Nelson Mandela (84) zei: “Een supermacht, met een president die niet vooruit
kan zien en die niet goed kan nadenken, wil de wereld in een holocaust storten.” Hij zei: “Een
oorlog zal niet alleen vernietigend zijn voor Irak, maar voor het hele Midden-Oosten en voor
andere landen in de wereld.” Een woordvoerder voor president Thabo Mbeki zei dat de hogere
olieprijzen als gevolg van een oorlog in het Midden-Oosten Afrika zou veroordelen tot een
ernstige economische crisis.
Mandela beschuldigde de VS en Groot-Brittannië ervan het gezag van de
Verenigde Naties te ondermijnen. “Is dat omdat de huidige Secretaris-Generaal van de VN [de
Ghanees Kofi Annan] zwart is? Dit deden ze nooit toen de Secretarissen-Generaal blanken waren,”

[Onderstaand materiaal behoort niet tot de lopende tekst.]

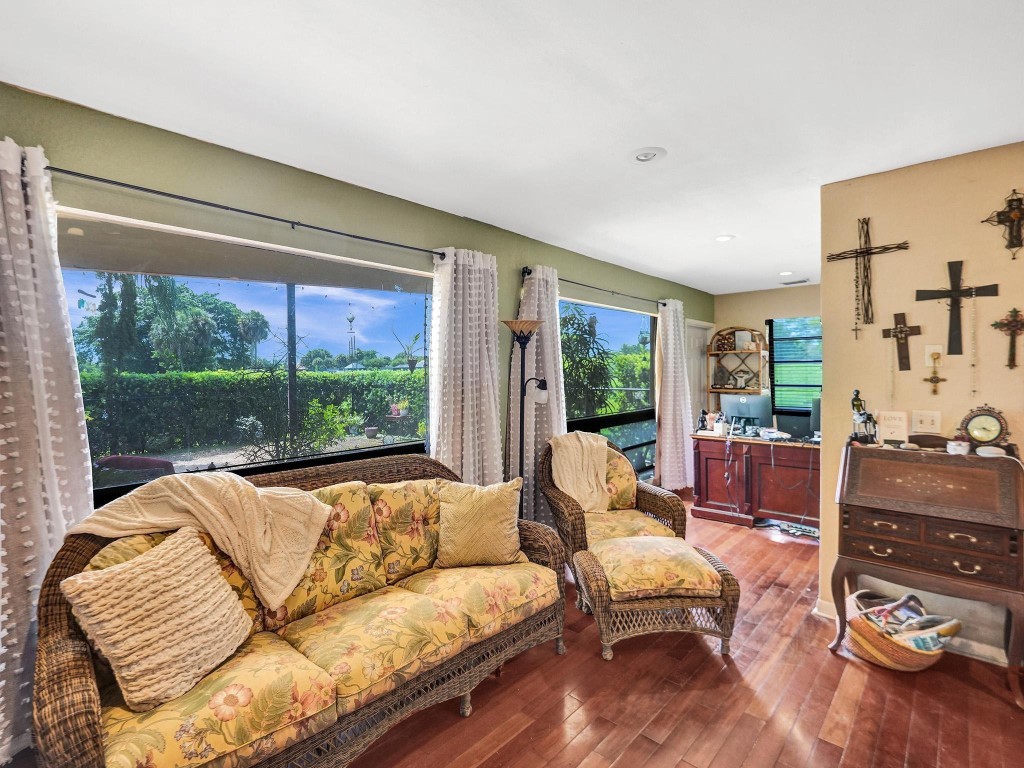 5702 White Hickory Cir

zei hij. “Waarom gedragen de VS zich zo arrogant? Hun vriend Israël heeft ook
massavernietigingswapens, maar omdat het hun bondgenoot is vragen ze de VN niet om te zorgen dat
Israël die wegdoet.” “Het is ze gewoon om de olie te doen,” vervolgde Mandela. “We moeten dit zo
veel mogelijk bekend maken.”
(Bronnen: BBC News Online, The Mirror, GB)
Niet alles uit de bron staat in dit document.